:: Information given ::
=====

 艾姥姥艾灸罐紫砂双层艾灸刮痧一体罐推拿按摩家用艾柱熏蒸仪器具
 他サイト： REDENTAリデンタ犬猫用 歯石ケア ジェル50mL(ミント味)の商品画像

=====

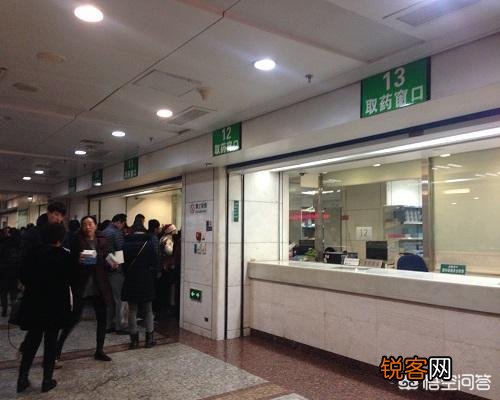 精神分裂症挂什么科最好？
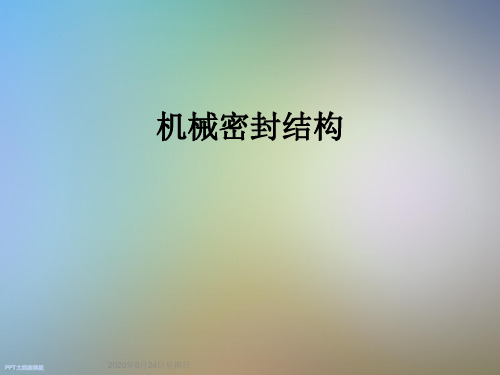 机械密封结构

=====

:: Problem details ::
Of the lines above, retype only those from the line containing "艾姥姥艾灸罐紫砂双层艾灸刮痧一体罐推拿按摩家用艾柱熏蒸仪器具" through the line containing "他サイト： REDENTAリデンタ犬猫用 歯石ケア ジェル50mL(ミント味)の商品画像", including both, exactly.

:: Finished task ::
 艾姥姥艾灸罐紫砂双层艾灸刮痧一体罐推拿按摩家用艾柱熏蒸仪器具
 他サイト： REDENTAリデンタ犬猫用 歯石ケア ジェル50mL(ミント味)の商品画像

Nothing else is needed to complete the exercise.